▶ What this task involves:
Return exactly the lines from the start of the records below through the line containing "Knit Scruncie white speckled 5 inch diameter", both ends included, and leave out the pictures.

+ + +

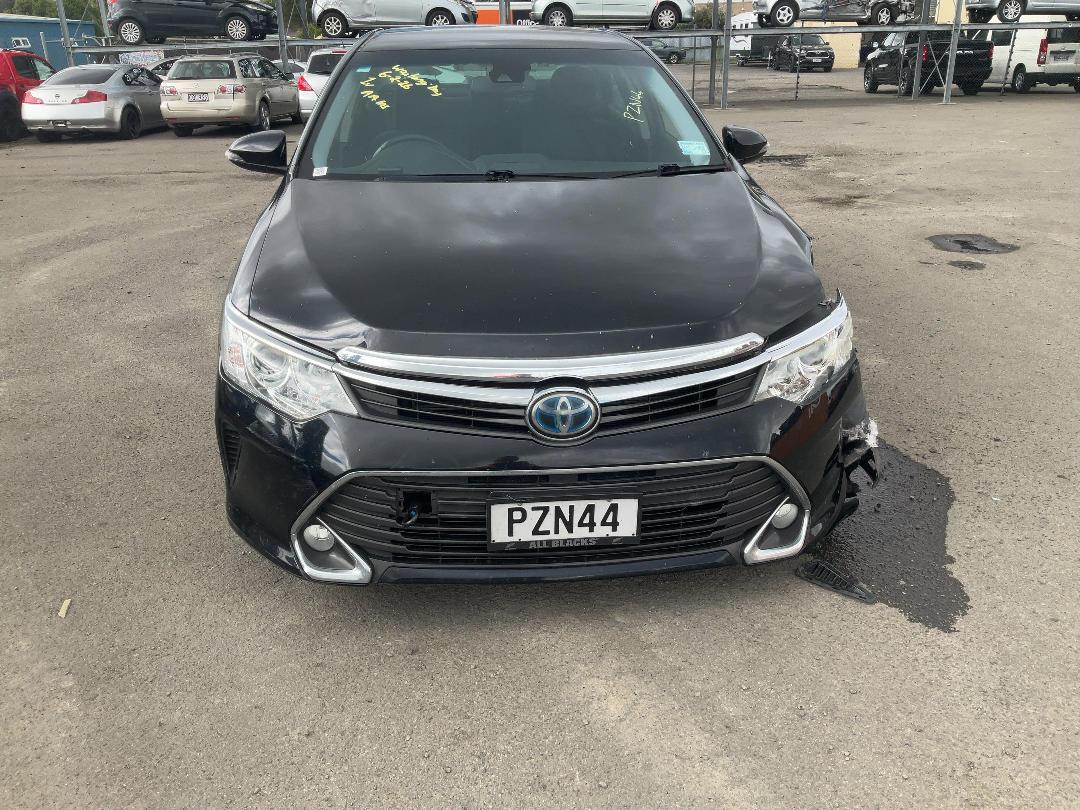 Photo '2' of Toyota Camry Hybrid Photo '2' of Toyota Camry Hybrid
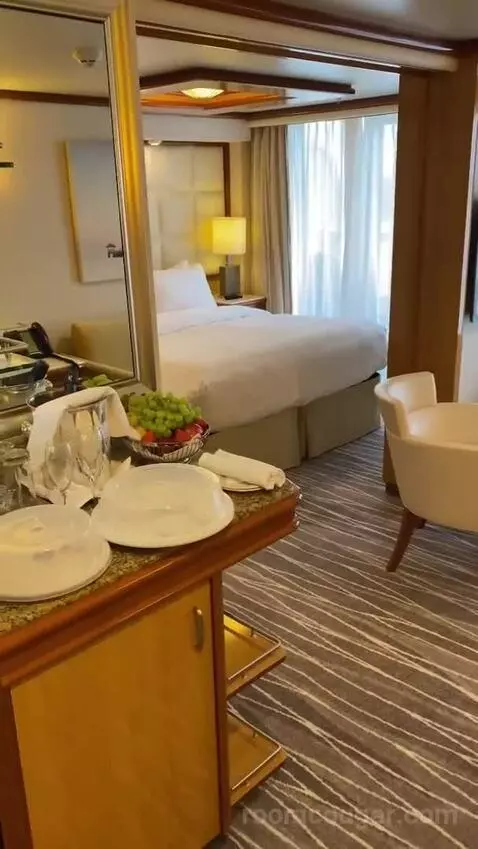 Suite (R611) bed picture #4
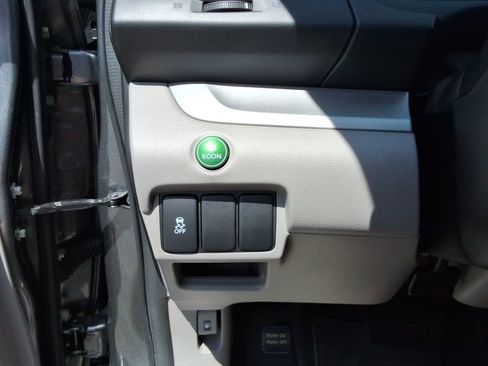 Used 2013 Honda CR-V EX image 37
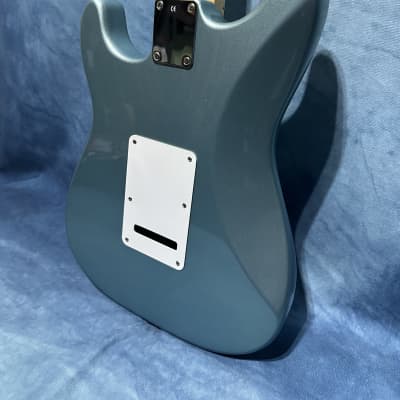 Fender Standard Stratocaster MIM 2002 Blue Agave image 15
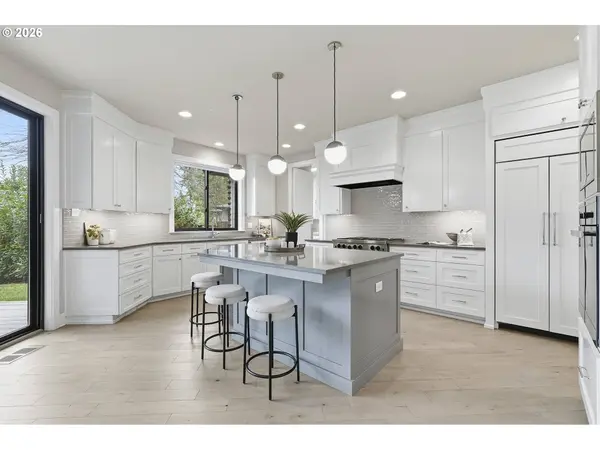 16200 WALUGA DR, Lake Oswego, OR 97035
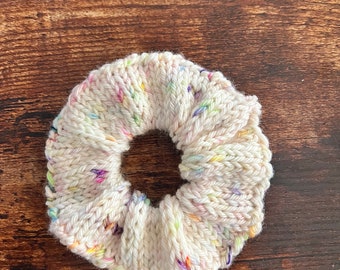 Knit Scruncie white speckled 5 inch diameter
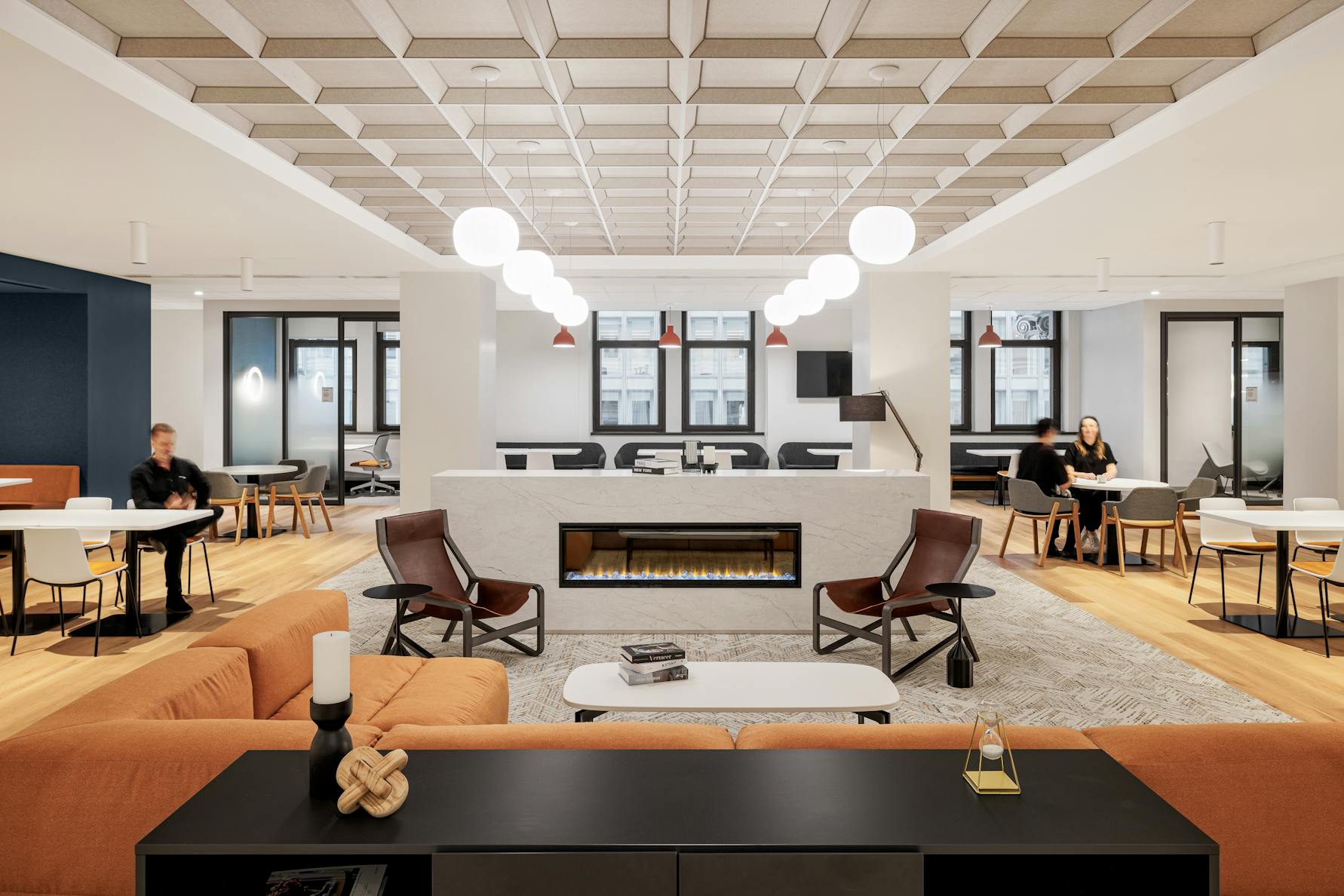 Work café lumineux : un coin détente mariant design contemporain et architecture fonctionnelle.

+ + +

▶ Output below:
 Photo '2' of Toyota Camry Hybrid Photo '2' of Toyota Camry Hybrid
 Suite (R611) bed picture #4
 Used 2013 Honda CR-V EX image 37
 Fender Standard Stratocaster MIM 2002 Blue Agave image 15
 16200 WALUGA DR, Lake Oswego, OR 97035
 Knit Scruncie white speckled 5 inch diameter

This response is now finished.